Creating Redshift tables

Schema definition:

The schema of a table should be provided in the format displayed below:

{
"column_specification" : {
<column_name} : <redshift_data_type}
},
"primary_key" : [column1, column2, ….], # optional
"dist_key" : <column_name}, #required
"sort_key" : [column1, column2, ….] #required
}

Eg:

{
"column_specification": {
"id": "INTEGER",
"name": "VARCHAR",
"phone_no": "INTEGER",
"time_stamp": "VARCHAR",
"uuid": "VARCHAR"
},
"primary_key": [
"uuid"
],
"dist_key": "uuid",
"sort_key": [
"uuid"
]
}

A json file is to be made using the above specification given.

Path to load the file : s3://****-data-propagator/destination=<destination_name>/database=<database_name>/table_name=<table_name>/schema/create/<file_name>.json

Once the file is loaded into the appropriate path, the lambda triggers and fires a redshift command to create a table as per the schema details provided in the JSON file.

Updating table schemas

There are two types of operations supported under this:

  1. Adding column(s)
  2. Deleting column(s)

Adding columns:

Table columns to be added should be provided in the format displayed below:

{
"column_specification" : {
"<column_name>" : "<redshift_data_type>"
}, #required
"operation_type" : "add" #required
}

eg:

{
"column_specification": {
"city": "VARCHAR",
"state": "VARCHAR"
},
"operation_type": "add"
}

A json file is to be made using the above specification given.

Deleting column(s):

Table columns to be deleted should be provided in the format displayed below:

{
column_specification : [column1, column2, ….], #required
operation_type : "drop" #required
}

eg:

{
"column_specification": ["city", "state"],
"operation_type": "drop"
}

A json file is to be made using the above specification given.

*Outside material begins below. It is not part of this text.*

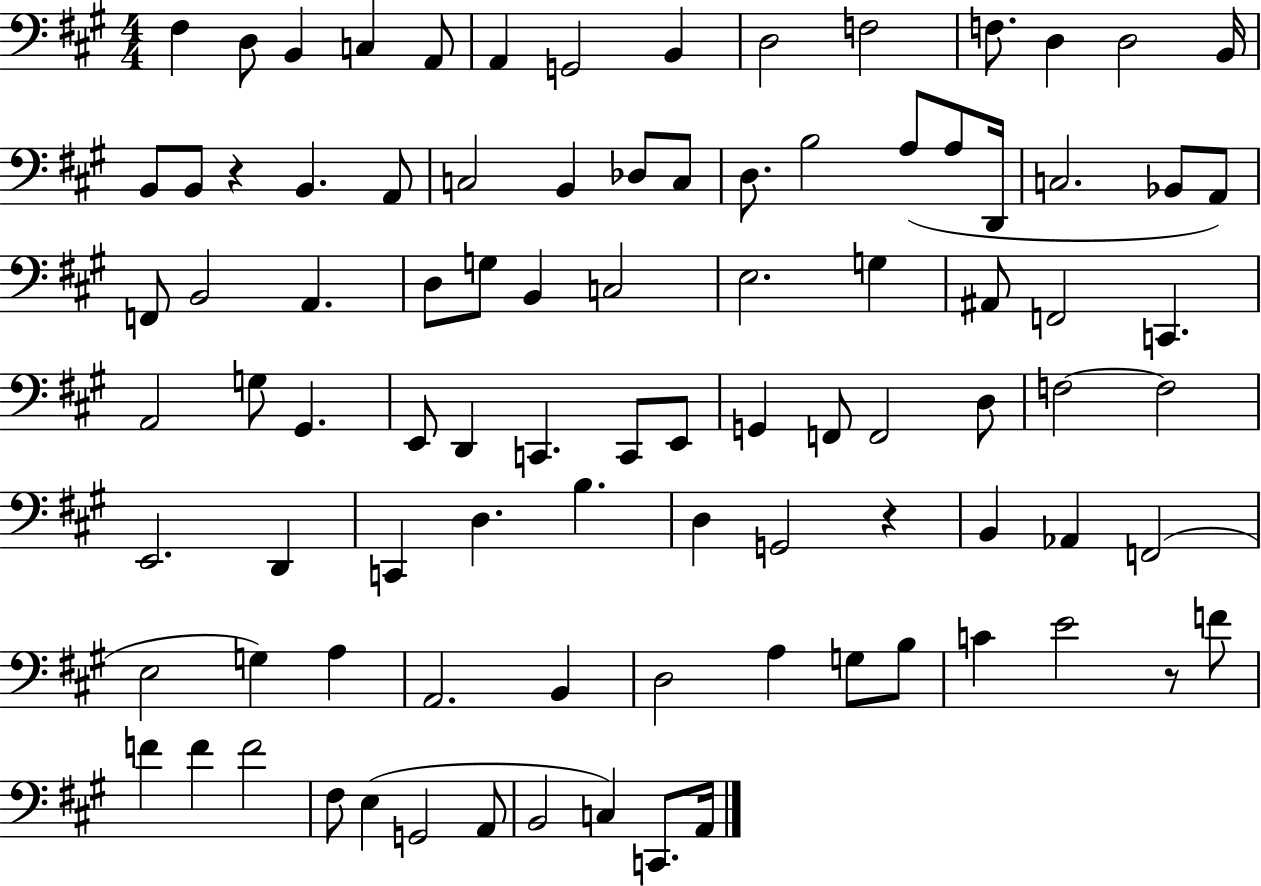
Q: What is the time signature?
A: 4/4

Path to load the file : s3://*****-data-propagator/destination=<destination_name>/database=<database_name>/table_name=<table_name>/schema/update/<file_name>.json

Once the file is loaded into the appropriate path, the columns in the specified redshift table are added or removed (dropped).

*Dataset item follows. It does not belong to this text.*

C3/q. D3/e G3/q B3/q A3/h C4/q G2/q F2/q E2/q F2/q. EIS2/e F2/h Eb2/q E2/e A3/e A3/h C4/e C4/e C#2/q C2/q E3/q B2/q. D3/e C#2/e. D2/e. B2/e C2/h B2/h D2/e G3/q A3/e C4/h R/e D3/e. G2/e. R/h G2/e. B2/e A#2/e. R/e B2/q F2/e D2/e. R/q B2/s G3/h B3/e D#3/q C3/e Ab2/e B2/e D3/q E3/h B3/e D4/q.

Note: Redshift doesn’t support adding or dropping multiple columns using a single query. However, this feature adds the functionality to support adding and dropping multiple columns by providing the info in the JSON file as specified above.

 Inserting and updating data into tables

A CSV file containing the data to be uploaded into the redshift table should be uploaded into the S3 bucket.

Path to load the file for inserting : s3://*****-data-propagator/destination=<destination_name>/database=<database_name>/table_name=<table_name>/input/load/<file_name>.csv

Path to load the file for updating (upserting) : s3://*****-data-propagator/destination=<destination_name>/database=<database_name>/table_name=<table_name>/input/update/<file_name>.csv

Success and Failure notifications

The success and failure notification of any process started using this architecture is sent on the Slack channel, in our case we send it to #data-loader-noitification

Success Notification

Failure Notification

Other usage

Apart from dealing with manual file upload tasks, this tool is also used for managing data insertion and updation flow into Redshift by our ETL cron jobs. This is because, it follows the best practices for inserting and updating data in redshift and is easy to plug and play with the manual and automated data flow requirements

Future scope

  1. Allowing the feature to update required columns. Currently, the tool supports updating an entire row.
  2. Adding a feature to support different file types like JSON, Parquet.
  3. Adding more destinations to the list, like Postgres, MySQL, etc.